_Your goal_: Every line below between the line holding "na ochranku nůž" and the line holding "843 Malone Road", inclusive, should be repeated exactly, and all other lines omitted.

_Extracted information_:
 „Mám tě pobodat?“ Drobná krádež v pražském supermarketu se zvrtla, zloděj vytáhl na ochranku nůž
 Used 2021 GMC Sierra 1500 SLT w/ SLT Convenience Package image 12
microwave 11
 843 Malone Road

* * *

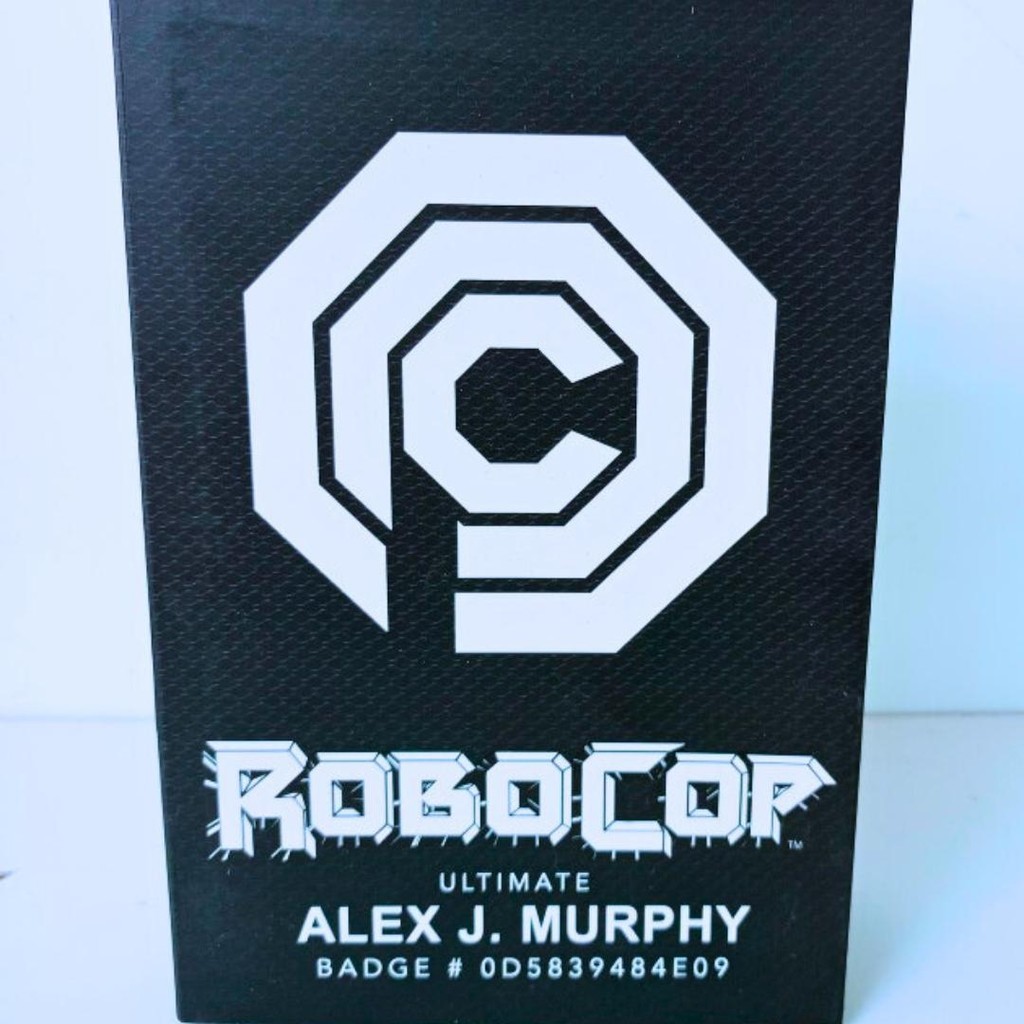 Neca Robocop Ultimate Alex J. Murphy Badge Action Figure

_Task output_:
 „Mám tě pobodat?“ Drobná krádež v pražském supermarketu se zvrtla, zloděj vytáhl na ochranku nůž
 Used 2021 GMC Sierra 1500 SLT w/ SLT Convenience Package image 12
microwave 11
 843 Malone Road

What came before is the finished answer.